Unrueh
Cyril Schäublin, Suisse, 2022o
Les nouvelles technologies amènent leur lot de changements dans une petite cité horlogère au Jura à la fin du 19e siècle. La jeune ouvrière Joséphine fabrique la pièce maîtresse de l’horloge mécanique, le balancier ("Unrueh"). Elle subit les nouvelles formes d’organisation de du temps et du travail. Dans ce contexte, elle commence à s’engager dans le mouvement local des horlogers anarchistes où elle rencontre le voyageur et cartographe russe Piotr Kropotkine.

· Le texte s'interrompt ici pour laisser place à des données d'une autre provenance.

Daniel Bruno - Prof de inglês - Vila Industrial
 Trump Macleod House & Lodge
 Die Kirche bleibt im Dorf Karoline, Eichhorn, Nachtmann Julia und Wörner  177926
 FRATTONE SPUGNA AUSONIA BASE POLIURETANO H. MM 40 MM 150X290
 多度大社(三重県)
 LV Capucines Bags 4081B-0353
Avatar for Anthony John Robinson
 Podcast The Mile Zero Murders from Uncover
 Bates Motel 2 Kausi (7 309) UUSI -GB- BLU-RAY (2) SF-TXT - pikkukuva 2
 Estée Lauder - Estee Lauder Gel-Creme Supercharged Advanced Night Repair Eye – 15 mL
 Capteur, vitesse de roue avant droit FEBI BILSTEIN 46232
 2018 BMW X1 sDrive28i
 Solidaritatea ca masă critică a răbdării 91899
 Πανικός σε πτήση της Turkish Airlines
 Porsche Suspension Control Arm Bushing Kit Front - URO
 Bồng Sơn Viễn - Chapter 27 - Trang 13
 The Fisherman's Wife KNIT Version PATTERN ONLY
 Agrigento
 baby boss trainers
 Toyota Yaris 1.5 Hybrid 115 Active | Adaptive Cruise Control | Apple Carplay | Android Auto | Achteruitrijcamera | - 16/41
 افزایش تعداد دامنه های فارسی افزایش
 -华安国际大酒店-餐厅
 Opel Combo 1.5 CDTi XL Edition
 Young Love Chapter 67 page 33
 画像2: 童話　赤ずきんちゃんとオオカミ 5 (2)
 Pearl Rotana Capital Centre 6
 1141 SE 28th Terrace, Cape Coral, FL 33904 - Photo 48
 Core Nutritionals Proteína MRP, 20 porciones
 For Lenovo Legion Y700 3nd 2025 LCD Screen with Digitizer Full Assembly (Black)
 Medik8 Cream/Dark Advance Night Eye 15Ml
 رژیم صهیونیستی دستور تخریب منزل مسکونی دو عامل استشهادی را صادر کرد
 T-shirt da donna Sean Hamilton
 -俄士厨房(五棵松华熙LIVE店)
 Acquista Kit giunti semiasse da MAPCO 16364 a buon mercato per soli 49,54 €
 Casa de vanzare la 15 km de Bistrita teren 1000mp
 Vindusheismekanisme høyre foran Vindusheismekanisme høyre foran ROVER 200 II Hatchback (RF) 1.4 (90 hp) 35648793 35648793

Avec Dene, wos guet geit, le metteur en scène zurichois Cyril Schäublin a donné en 2017 une forte démonstration de son talent; avec Unrueh, il présente son premier chef-d'œuvre. A 38 ans, il mise à nouveau sur un langage visuel particulier, fait d'évidements et de distance par rapport à l'action, et tisse plus clairement qu'auparavant un fil narratif dans son jeu de perspectives et de bribes de conversation flottant dans l'espace. Les héros du film sont les ouvrie/èr(e)s de l'industrie horlogère jurassienne à la fin du XIXe siècle, qui ressentent dans leur chair le triomphe de la mesure du temps à la seconde près et se laissent en même temps inspirer par la variante démocratique de base du socialisme, connue à l'époque sous le nom d'anarchisme : on débat d'idées telles que l'économie collectiviste et la décentralisation du pouvoir en échangeant avec des activistes de la moitié du monde, mais on vit aussi sa passion professionnelle et on explore prudemment des contrées amoureuses. Que les opposants au cinéma prétendument épuisant soient prévenus : Schäublin et son équipe enveloppent leur réhabilitation de la pensée anarchiste dans un cocon d'idées de mise en scène. Avec une désinvolture souveraine, ils associent en outre la réflexion cinématographique sur la vie bonne à un hommage au grand art de l'horlogerie suisse.